Retype exactly the span of lines below from the one with "दो शातिर चोर गिरफ्तार, लैपटॉप, मोबाइल और नकदी बरामद दो" through the one with "Прячущаяся игрушка-нитка для". Do not include pictures.

INPUT DATA:
_ _ _ _ _
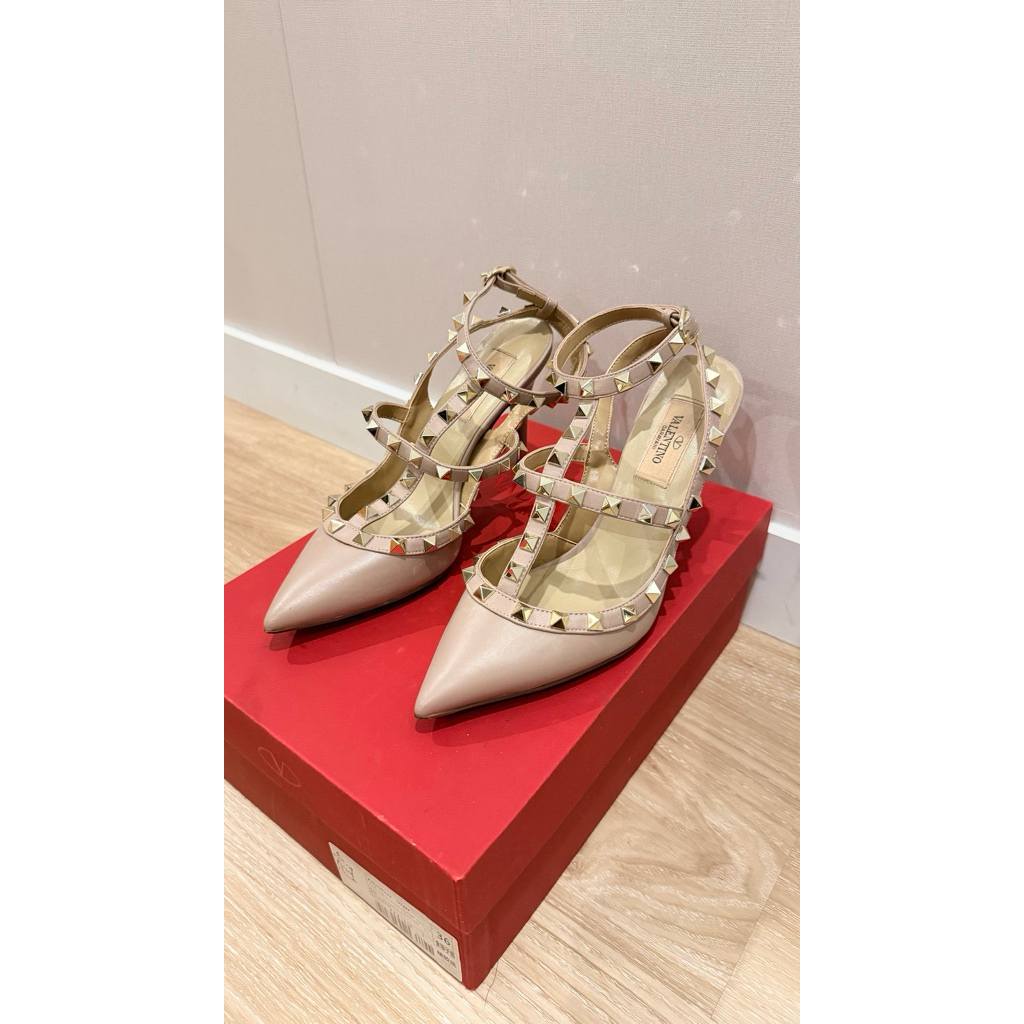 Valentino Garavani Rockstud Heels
_ _ _ _ _
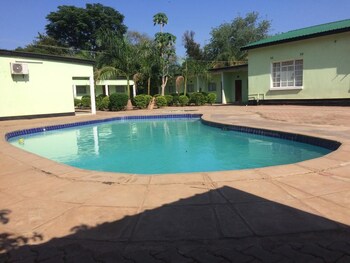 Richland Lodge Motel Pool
_ _ _ _ _
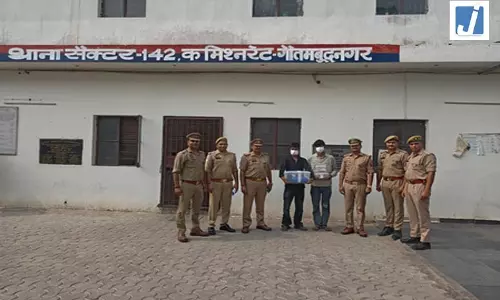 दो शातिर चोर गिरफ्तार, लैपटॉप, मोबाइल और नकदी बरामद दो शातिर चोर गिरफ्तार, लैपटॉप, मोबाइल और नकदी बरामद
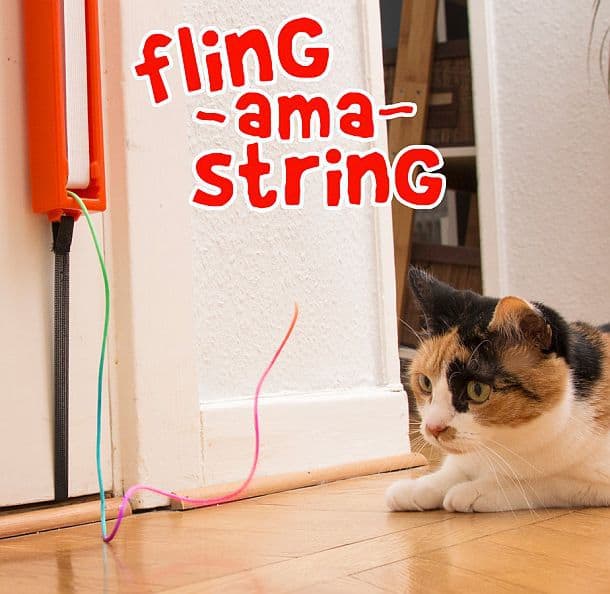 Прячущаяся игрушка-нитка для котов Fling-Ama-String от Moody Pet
_ _ _ _ _
RESPONSE:
 दो शातिर चोर गिरफ्तार, लैपटॉप, मोबाइल और नकदी बरामद दो शातिर चोर गिरफ्तार, लैपटॉप, मोबाइल और नकदी बरामद
 Прячущаяся игрушка-нитка для котов Fling-Ama-String от Moody Pet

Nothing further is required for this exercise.